AVAILABLE DATA
::::::

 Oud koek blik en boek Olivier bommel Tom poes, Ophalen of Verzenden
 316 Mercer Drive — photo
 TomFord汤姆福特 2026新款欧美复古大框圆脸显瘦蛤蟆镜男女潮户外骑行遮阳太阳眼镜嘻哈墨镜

::::::

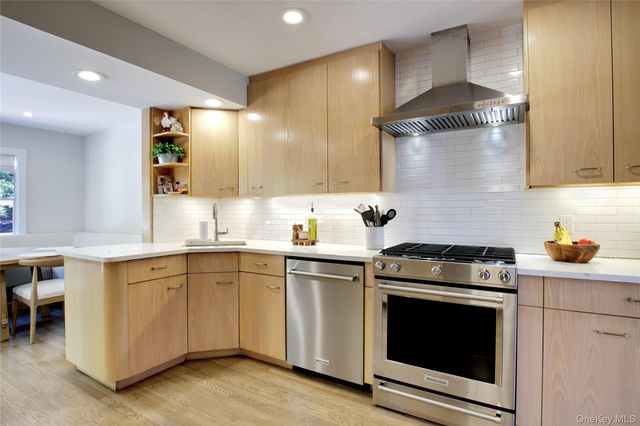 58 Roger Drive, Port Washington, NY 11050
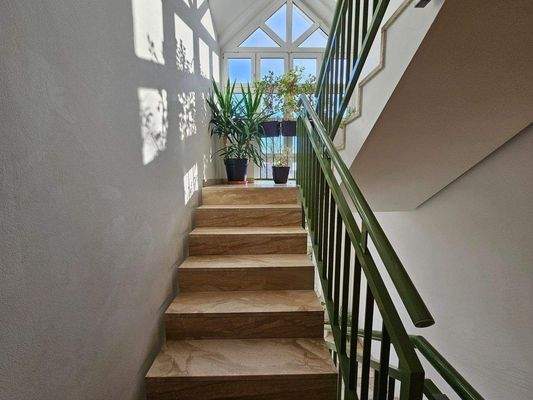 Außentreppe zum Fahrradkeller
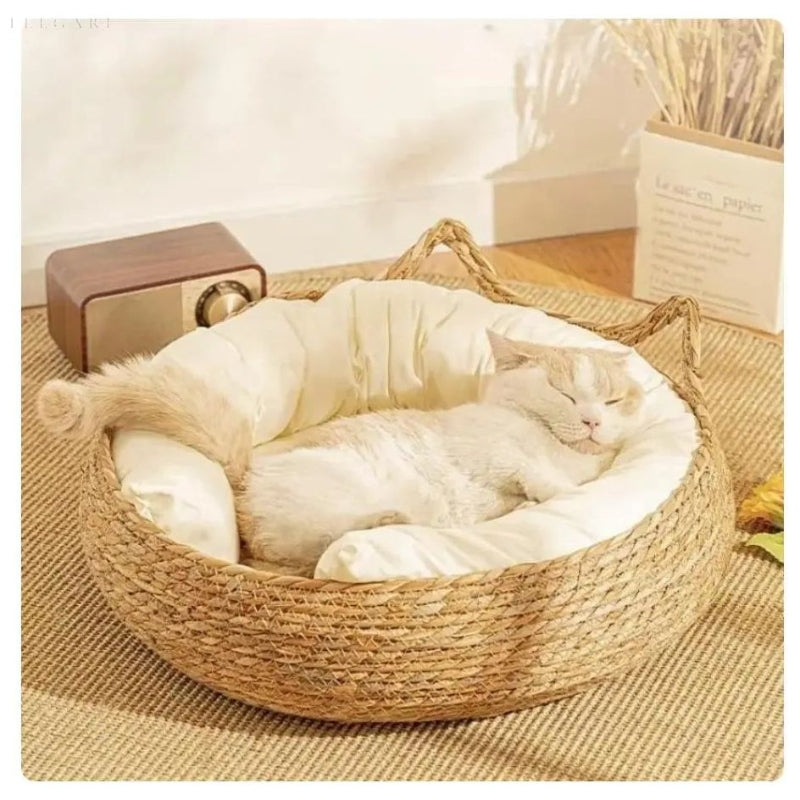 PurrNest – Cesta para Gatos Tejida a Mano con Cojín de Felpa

::::::

TASK DETAILS
Using the records above, repeat exactly the run of lines that starts with the line with "58 Roger Drive, Port Washington, NY 11050" and goes on through the line with "PurrNest – Cesta"; omit each picture.

EXERCISE OUTPUT
 58 Roger Drive, Port Washington, NY 11050
 Außentreppe zum Fahrradkeller
 PurrNest – Cesta para Gatos Tejida a Mano con Cojín de Felpa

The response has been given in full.